Ever Wondered How Ford Gets Its Point Across? Sometimes Excessively
|   Monday, October 29, 2012
Today, as we were watching our favorite local football team (okay, it's American football with all the padding and the league is the National Football League), we noticed an interesting add for the new Ford Focus.

Fortunately we like the Focus or we would have been all over the ad like a suit, but, this one was rather pushy, but cute and it made its point. It turns out that the ad promises every new buyer of certain models of the 2013 Ford Focus a special addition, a person to go with the vehicle.


The person that comes with the Focus was to point out all of the good points; the strong points; the salient points, and, okay, so it skipped a few of the lesser ones (torque steer, trailing throttle oversteer and the like – you think after three decades, they'd finally get rid of them, right, but not quite, however, they are beyond the scope of this review).

What isn't beyond the scope of the review is how Ford took its Mazda3 (yes Ford owns Mazda, just as it used to own Jaguar and Volvo – the C90 is a nice version of the Edge, isn't it?) and made it into a car that will hold its own against any car on the road.
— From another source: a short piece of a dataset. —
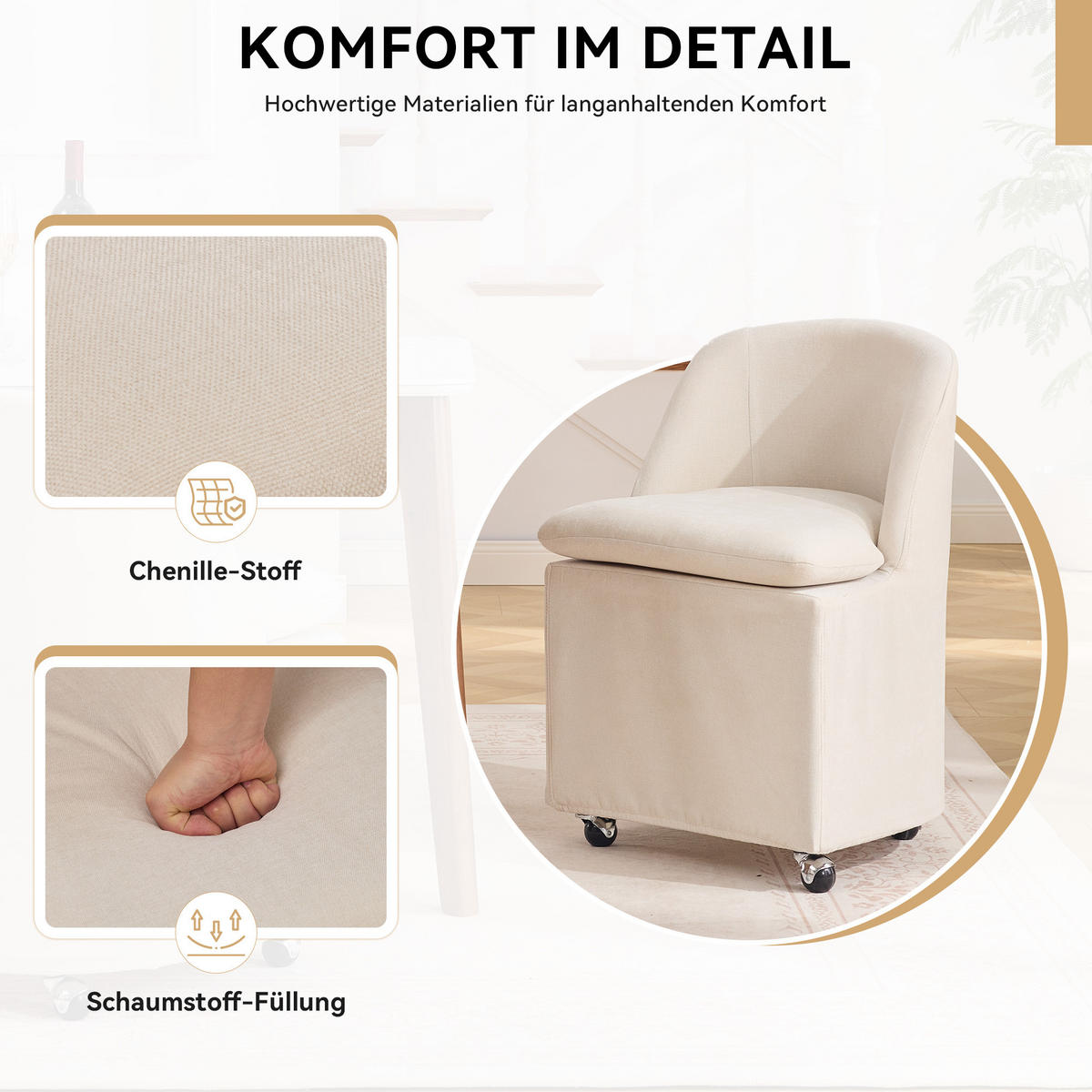 POLSTERSTUHL DE-36250 2er-Set mit Universalrollen Beige - Beige, Metall (53/78.5/53.5cm) - ComfortXL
For example, if you want good mileage there's a Ford Focus that will you great mileage – especially if you keep your foot off the gas – averaging 30-plus around town and in short-trip cold engine driving (the absolute worst in the world for mileage).
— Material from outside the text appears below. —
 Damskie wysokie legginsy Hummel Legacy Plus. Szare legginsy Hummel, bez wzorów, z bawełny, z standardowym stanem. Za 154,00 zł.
Or, if you want a bit more performance there are models are more performance-oriented and so on.

The cute thing about the Ford ad, though, was that the person was supposed to be there as part of Ford's standard equipment to talk you through the various aspects of the Focus.

For example, the person explains not only how to start the Focus up for top mileage, but also how to achieve the best mileage you can. It also explains how to take turns and corners with the Focus (don't be surprised if it fights you a bit on some turns because front-drive cars will do that – even the vaunted Honda line seems to have forgotten that between the 1980s and now. In the 80s, one autowriter noted you couldn't tell which "end of the car Honda pushed or pulled the vehicle." Today that's not true any more because Honda is guilty of just what every other automaker is guilty of, trying to make things more inexpensively and charging the most for them so, you have a Honda Civic with torque steer that, while it may not match the nasty of other front-drive cars, still requires you to be on your toes).

And, if you don't push the Focus too much from a standing start you won't even know what we are talking about (front-drive cars like to jump to the right on hard acceleration and that's called torque steer – it actually exists in rear-drive vehicles, too, but it's in the opposite direction and helps with ride and handling).

Speaking of ride and handling the new Focus (okay, Mazda3) is very good. It handles as every driver expects – people have been sold on the fact that cars are supposed to be understeering kings when they aren't but no one challenges it and the engineers have done a good job of dialing most of it out – and that means that through any corner the Focus holds the line you choose. Performance is excellent as the four has a broad power curve and if you line it up with the right transmission you'll find things are fine.

You will find there's a bit of a blindspot on the right and left rear and that they've still never really mastered the art of giving you a real indication of where the rear end is, but, with the right electronics, you have a blindspot warning system – this is the area where sideview mirrors and your rearview just can't see and if the sail pillar is large it just makes things more interesting which is why the blindspot warning system is a must.

The seats are comfortable and supportive and there's plenty of headroom for the driver and front-seat passenger while the rear is really best-suited for two, though three can sit there. The middle passenger will find things a tad on the bumpy side as there isn't really much padding in the seat and the seatbacks just happen to break in that area so you can have the 60/40-rear access through the trunk.

That aside, though, since most Focuses will only have two in them at any given time, it's not a problem. Indeed there are a few problems that you can't find solutions for on either the model sheet or options sheet.

The only thing we're really glad about is that the guy in the ad we saw today is just the figment of some ad guy's imagination because how could you tell the poor option he was fired?